- 20 novembre 2016, 06:20

La vera storia di Oscar Rafone: Niente da perdere (cap.39)

Pubblichiamo ogni domenica il libro di Enzo Iorio, suddiviso per capitoli, per offrire a tutti un momento culturale nella 'giornata on line

La vera storia di Oscar Rafone: Niente da perdere (cap.39)

Oggi Laura è venuta a trovarmi e mi ha detto che il maresciallo si è proprio arrabbiato. Mi ha raccontato che davanti a lei ha cercato di controllarsi, ma quando poi è uscita dal suo ufficio lo ha sentito bestemmiare e ripetere "Lo sapevo, lo sapevo, quel piccolo delinquente..."

Io ridevo, ma lei non sembrava molto contenta, anzi. Mi ha detto che sarò convocato dal giudice e che forse ci saranno delle conseguenze.

— Ok, — ho fatto. — È giusto. Se devo pagare pagherò.

Poi mi ha preso le mani tra le sue, proprio così.

— Oscar, devo dirti un'altra cosa importante, — ha detto. — Tuo zio Mario...

— Zio Mary? — ho chiesto. — Quello che sta in Australia? Cosa gli è successo?

— Niente. Abbiamo dovuto contattarlo perché lui risultava essere l'unico tuo parente vivo.

— È vero! Ma sono tanti anni che non lo vedo e so che non vuole tornare in Italia neanche morto.

— Hai ragione, ma c'è un'altra cosa che devi sapere.

Mi strinse le mani più forte.

Non riuscivo proprio a immaginare cosa stesse per dirmi.

— Tuo zio Mario — Mary, come lo chiami tu — sa dove si trova tua madre.

— Al cimitero, — feci io.

— Oscar, tua madre è viva.

Booooom! Una bomba atomica mi esplose nel cervello.

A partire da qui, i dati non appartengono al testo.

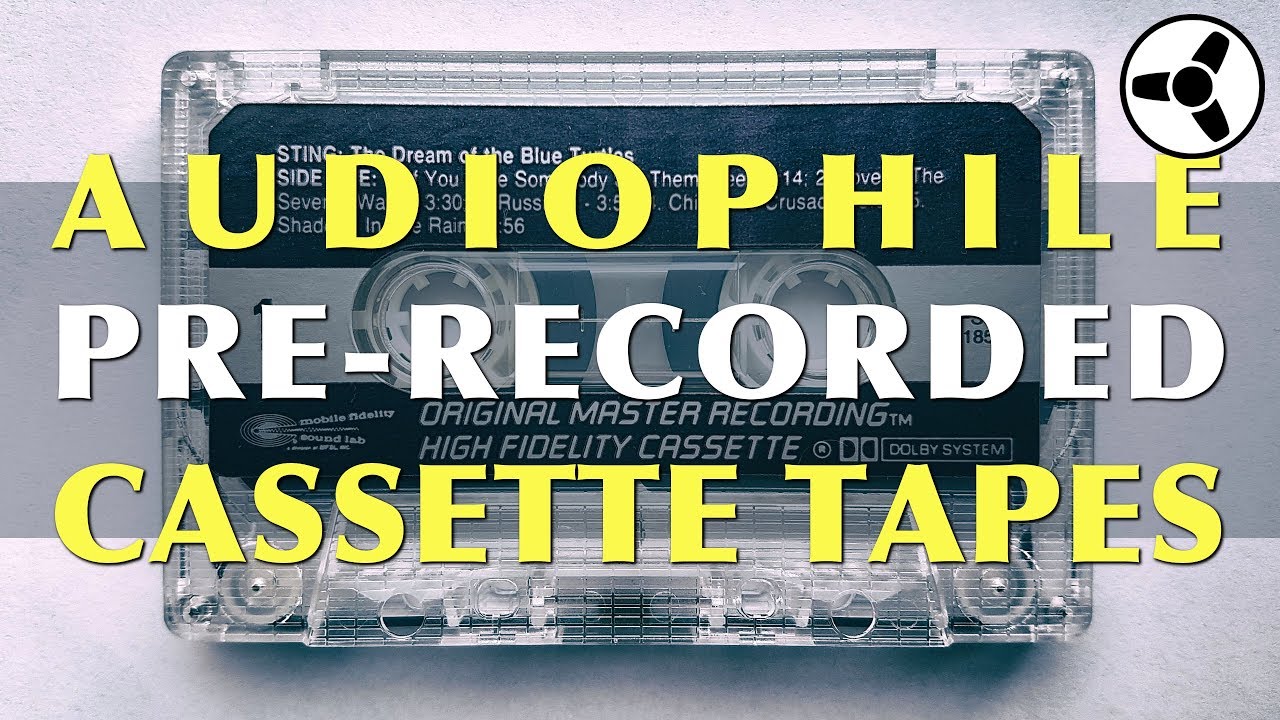 Audiophile Pre-recorded Cassette Tapes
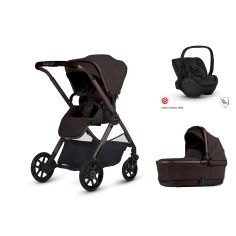 Silver Cross Reef 2- 3u1 kolica + košara Special Edition Ganache+ Glide autosjedalica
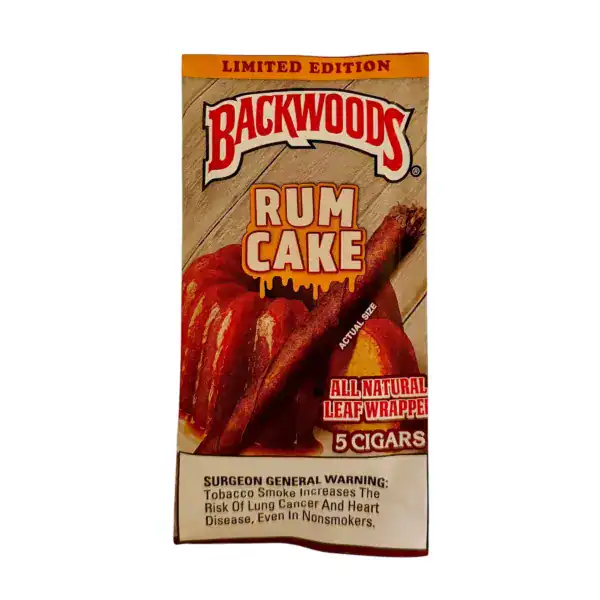 BACKWOODS - RUM CAKE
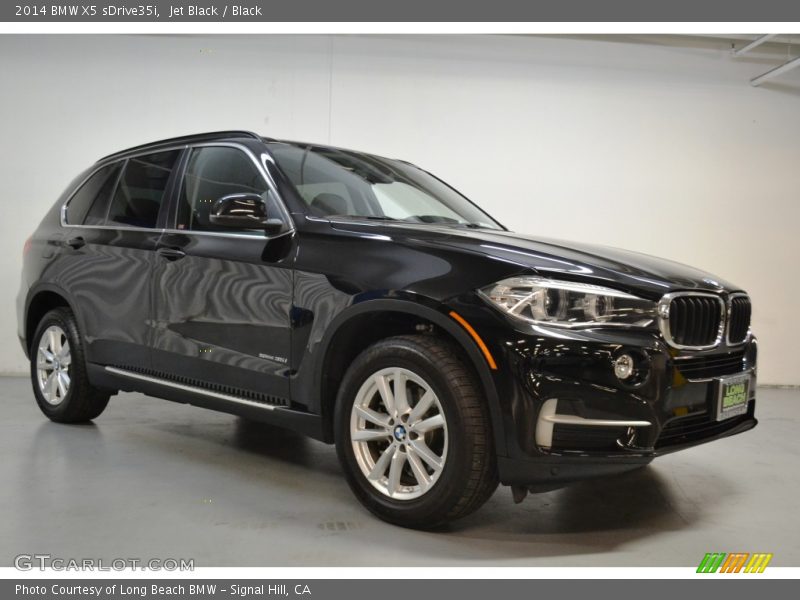 Jet Black / Black 2014 BMW X5 sDrive35i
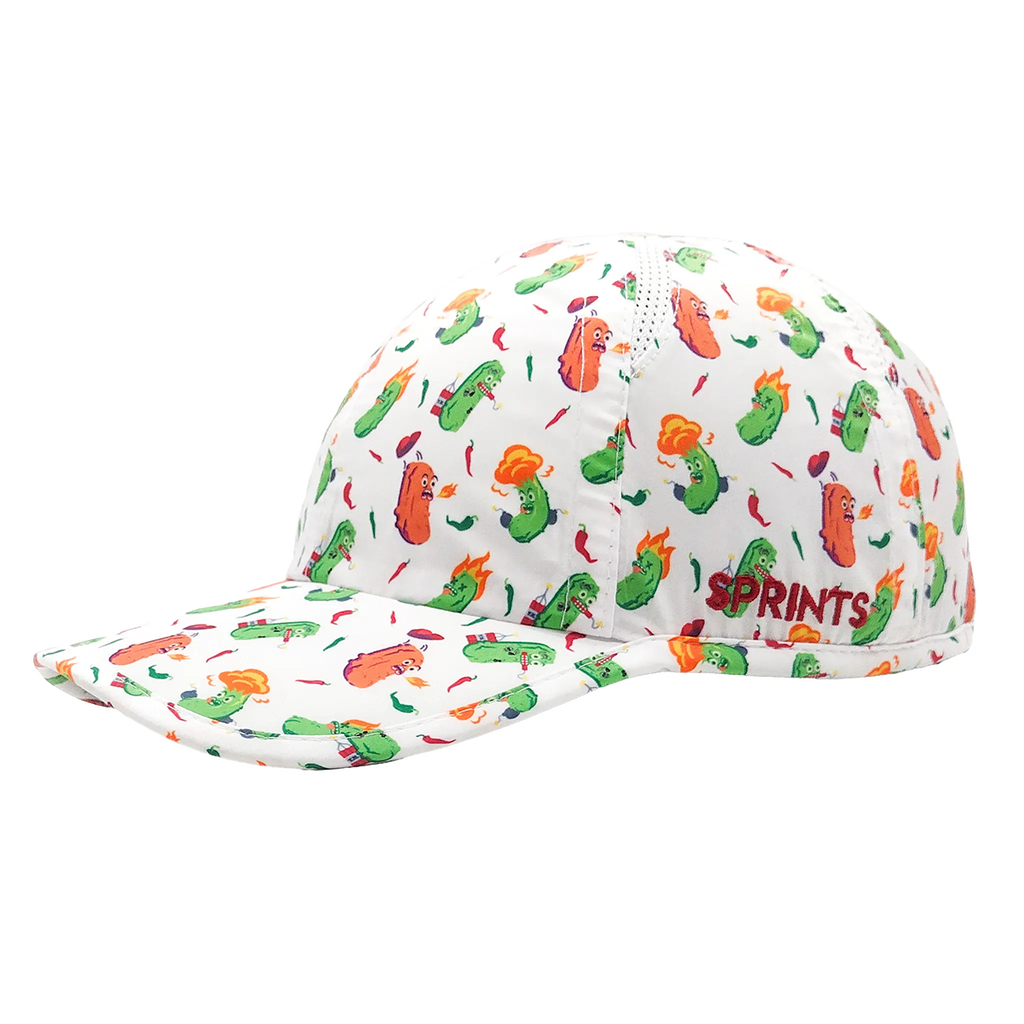 Sprints Race Day Hat — Spicy Pickles — Size One Size — Front View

Dovevo avere la faccia come la maschera di scream, con la bocca spalancata e il mento lungo lungo. Davanti a me non vedevo più Laura. La fissavo senza vederla. Nei miei occhi c'erano mio zio Mary, i canguri, gli aborigeni, ma soprattutto c'era mia madre. Non sapevo come immaginarmela perché non la vedevo da otto anni, però lei era lì. Sentivo la voce di Laura che parlava di mia madre, di una fattoria isolata, di un uomo più vecchio e di una famiglia, di un paio di figli molto piccoli.

Mia madre era viva! Mi avevano fatto credere che fosse morta. Sia mio padre che i miei nonni non avevano mai cercato di contraddirmi quando me ne uscivo con delle frasi come "La mamma è andata in cielo". Avevano lasciato che col passare dei giorni, delle settimane e dei mesi mi facessi da solo una ragione del fatto che lei non era più con noi. E lei era sparita per davvero. Come aveva fatto a vivere lontano da me? Come aveva potuto? Si era dimenticata completamente di avere un figlio? Possibile che non avesse avuto mai il modo di venirmi a trovare, di scrivermi una lettera, di chiamarmi al telefono, da quando ero stato affidato a mio padre? Non mi veniva difficile immaginare quanto avevano dovuto impegnarsi papà e i nonni per impedirglielo, ma non riuscivo proprio ad accettare che lei si fosse potuta arrendere di fronte al fatto di non avere più ME! Il SUO Oscar!

"Non voglio vederla!" lo pensai ma non riuscivo a dirlo.

Avrei voluto urlarlo, ma non ne fui capace; continuavo a tenere la bocca aperta con la mandibola che penzolava. Mi sentivo la gola chiusa. Provai a ingoiare, ma stavo per strozzarmi. Laura mi versò dell'acqua in un bicchiere. Bevvi di corsa, rovesciandomela addosso. Poi con un fil di voce (non ero io a parlare, ma una parte di me nascosta in profondità, un bambino piccolo che conoscevo molto bene ma che non sentivo più da una vita) bisbigliai: — Mamma, quando arriva?